- Theatrical release poster
- Directed by: Yu Irie
- Written by: Yu Irie
- Produced by: Naoaki Kitajima
- Starring: Takao Osawa; Kento Kaku; Alice Hirose; Takanori Iwata; Masahiro Takashima; Sei Ashina; Tina Tamashiro; Kimiko Yo; Nanako Matsushima; Tomokazu Miura;
- Cinematography: Shoichi Ato [ja]
- Edited by: Tsuyoshi Imai [ja]
- Music by: Masaru Yokoyama
- Production company: CREDEUS
- Distributed by: Warner Bros. Pictures
- Release date: 31 January 2020;
- Running time: 131 minutes
- Country: Japan
- Language: Japanese

= AI Amok =

AI Amok (AI崩壊) is a 2020 Japanese science fiction thriller film directed by Yu Irie, starring Takao Osawa, Kento Kaku, Alice Hirose, Takanori Iwata, Masahiro Takashima, Sei Ashina, Tina Tamashiro, Kimiko Yo, Nanako Matsushima and Tomokazu Miura.

==Cast==
- Takao Osawa as Kosuke Kiryu
- Kento Kaku as Satoshi Nishimura
- Alice Hirose as Kumi Okuse
- Takanori Iwata as Makoto Sakuraba
- Masahiro Takashima
- Sei Ashina as Maika Hayashibara
- Tina Tamashiro as Mako Iida
- Kimiko Yo as Eiko Tanaka
- Nanako Matsushima as Shota Hashimoto
- Tomokazu Miura as Kyoichi Goda
- Yoshi Sakou as Kensaku Kishi
- Sora Tamaki as Kokoro Kiryu
- Nomaguchi Toru as Kengo Maekawa
- Magy as Hiroshi Okawara
- Daisuke Kuroda as Kengo Maekawa
- Katsuya Maiguma as Hideto Kominaga
- Maski Naito as Extremist
- Yukijirō Hotaru as Fisherman
- Risa Kameda as Ikeda
- Hiroko Terada

==Reception==
Tay Yek Keak of Today rated the film 3 stars out of 5 and wrote, "This is a too-even, too-predictable flick crying out for a better ‘gotcha!’ ending than the one it thinks we'd be surprised by. It's still something that's pretty okay to see, but nope, there's no mind-blowing shock here."

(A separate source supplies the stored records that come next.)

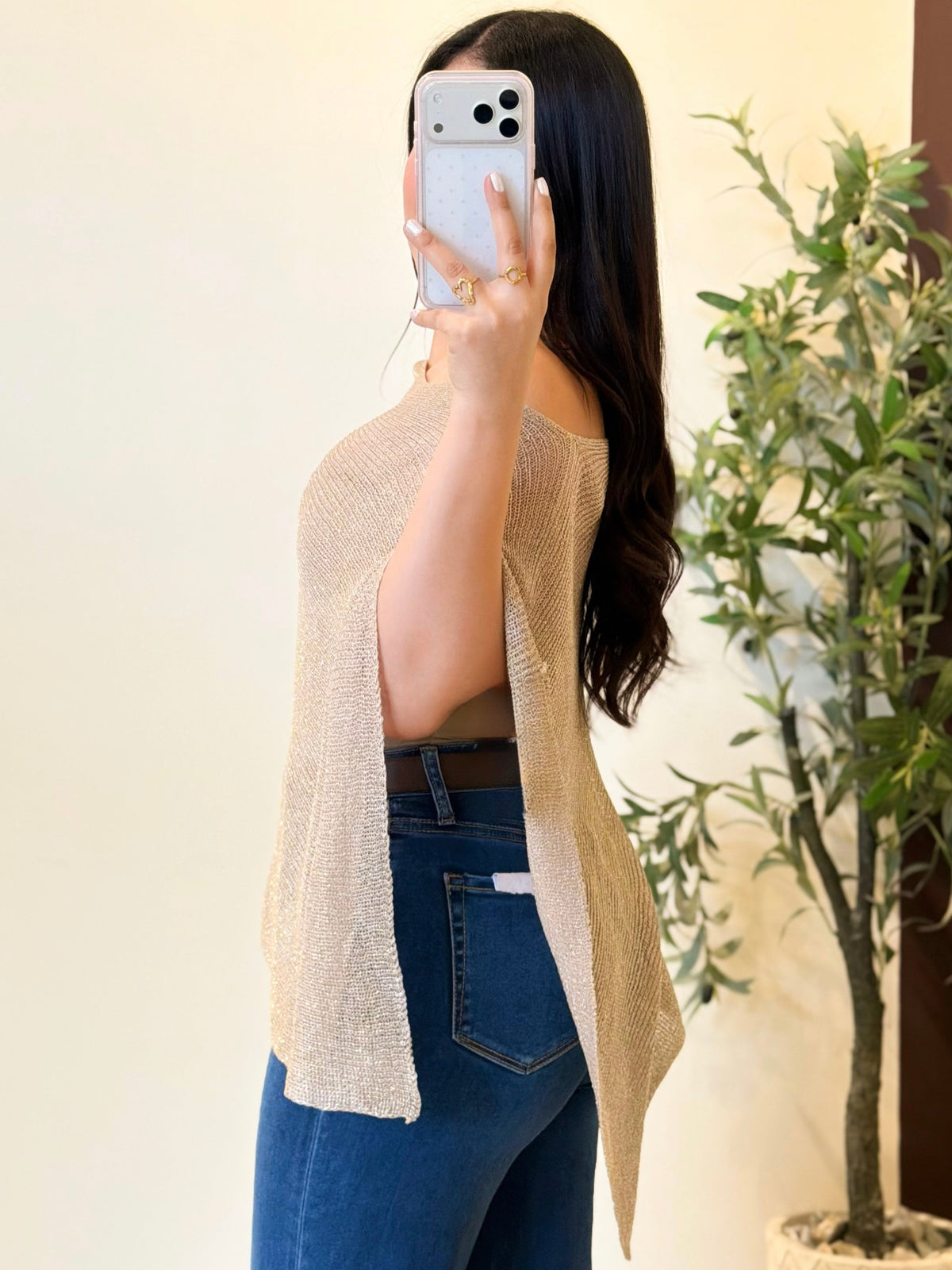 Blusa capa detalles dorados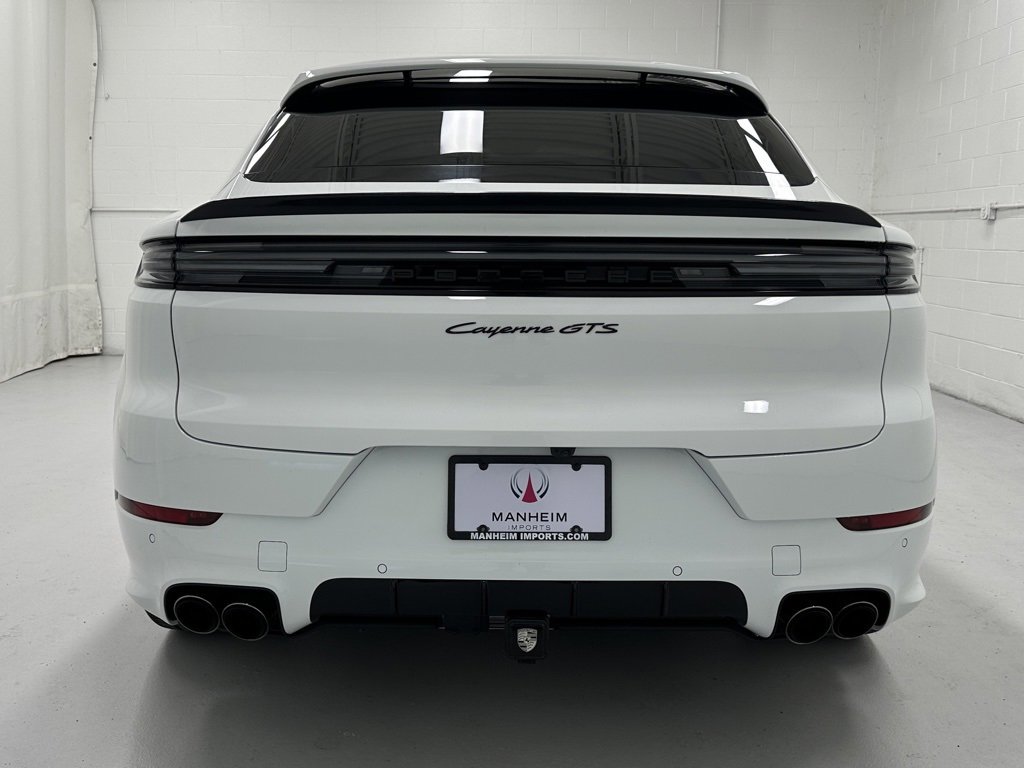 Used 2025 Porsche Cayenne GTS image 7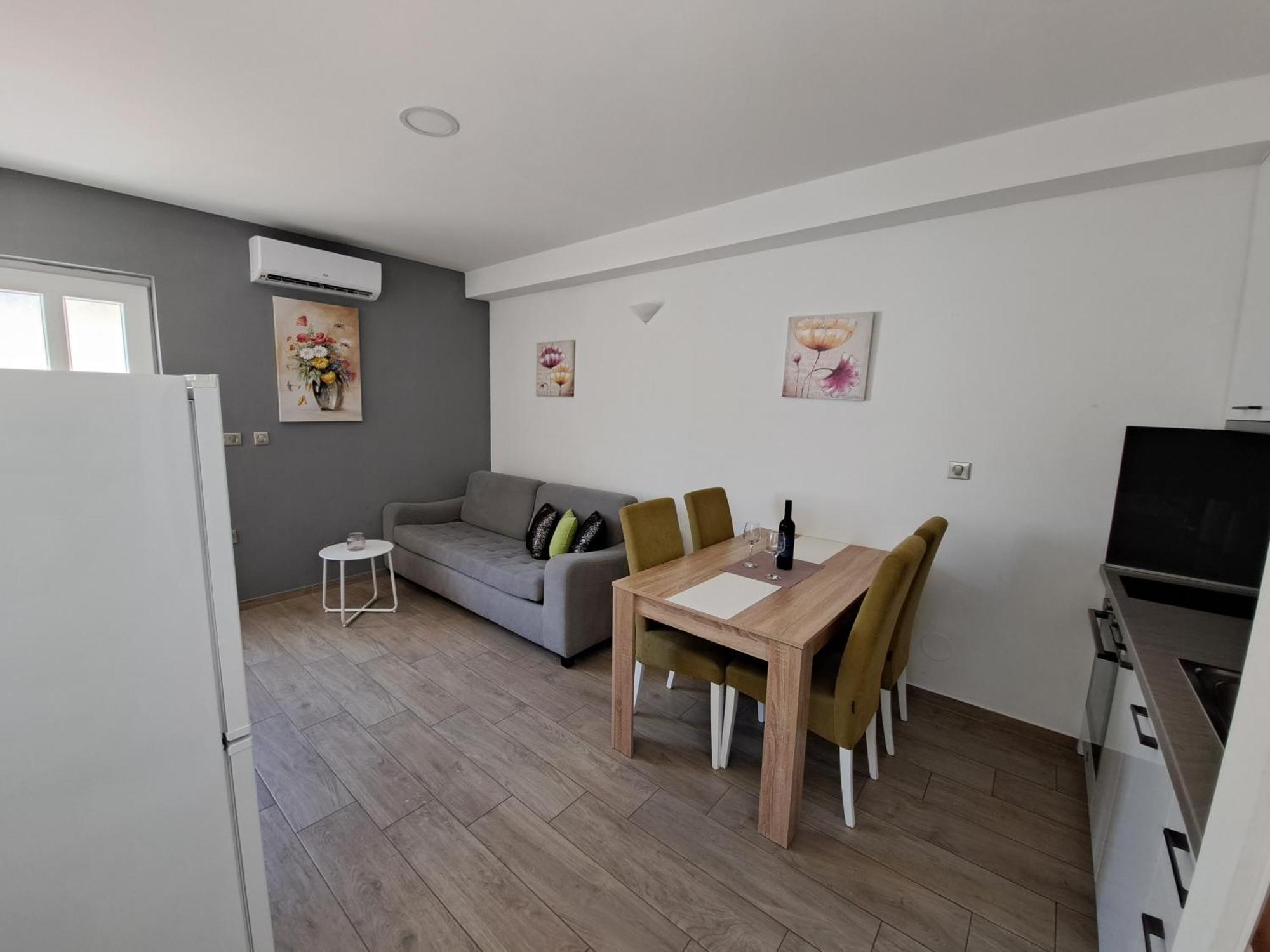 Apartments Sisevic - Comfort Apartments With Balconies And Sea View 斯拉诺 客房 照片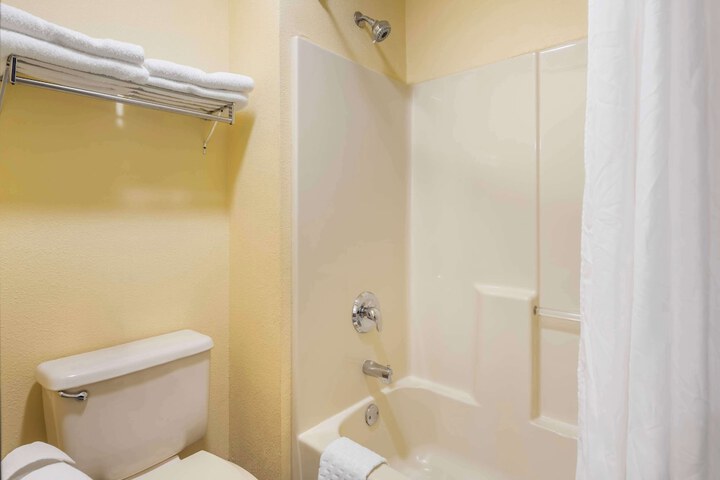 Room 12 of 31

Marcus Goh of Yahoo! Life gave the film a score of 3/5 and wrote that while it "tries its best to make you think about the subject matter, and it does have some interesting bits", it "ends up being bogged down by a horrific second Act, which completely deflates any tension that might have been generated in Act One."

James Hadfield of The Japan Times rated the film 2.5 stars out of 5 and wrote that the film is "as cerebral as a conversation with a Pepper robot, but if you’re looking for an uncomplicated diversion, you could do far worse."

Film critic Atsuko Kawaguchi rated the film 2 stars out of 5.